For the purpose of this post, I’m going to pretend I don’t know what Mongo DB is. It’s a NoSQL database, very good at horizontal scaling. But let’s pretend. I’m selecting it as an example because it’s not too untidy, and helps me make my point.
You’re in the deep end at a new job, you’re on your own, there’s no documentation, and the monitoring shows that a host is running at high load. You’ve never come across this program before, and have no idea where to start. First thing to do, top:
We can see that the mongod process is running pretty hot. We’re not concerned at this point why it’s having problems. I just want to know what it is, what it does, and where its files are.
I’ll run ps with a full listing to find out what its command line arguments look like, and if it’s been invoked with a full path, which may indicate where it’s installed.

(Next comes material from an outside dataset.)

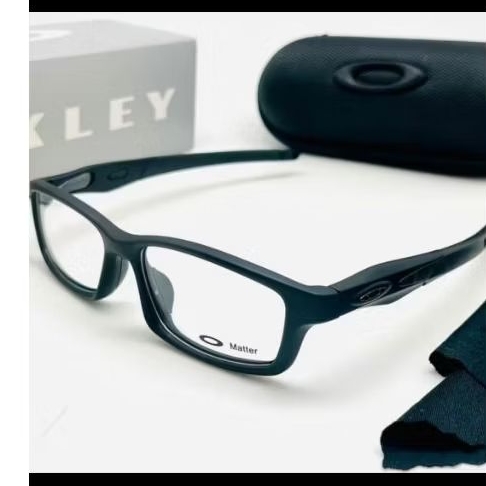 Frame kacamata sporty ox crosslink range fullset box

This show that the executable resides at /usr/bin/mongod and that it takes a configuration file /etc/mongod.conf. So not too perplexing.
Search on pattern
But let’s assume instead that we couldn’t obtain the full path of the mongod process. The next thing I like to do is just a big find command on the root directory and see what turns up, using “*mongo*” as our search pattern:
That’s actually pretty comprehensive (I’m liking mongo more and more) and logical. We can see that the log files are in the right place, and there are init scripts. But if these executables and logs weren’t named *mongo*, then this wouldn’t have been so straightforward.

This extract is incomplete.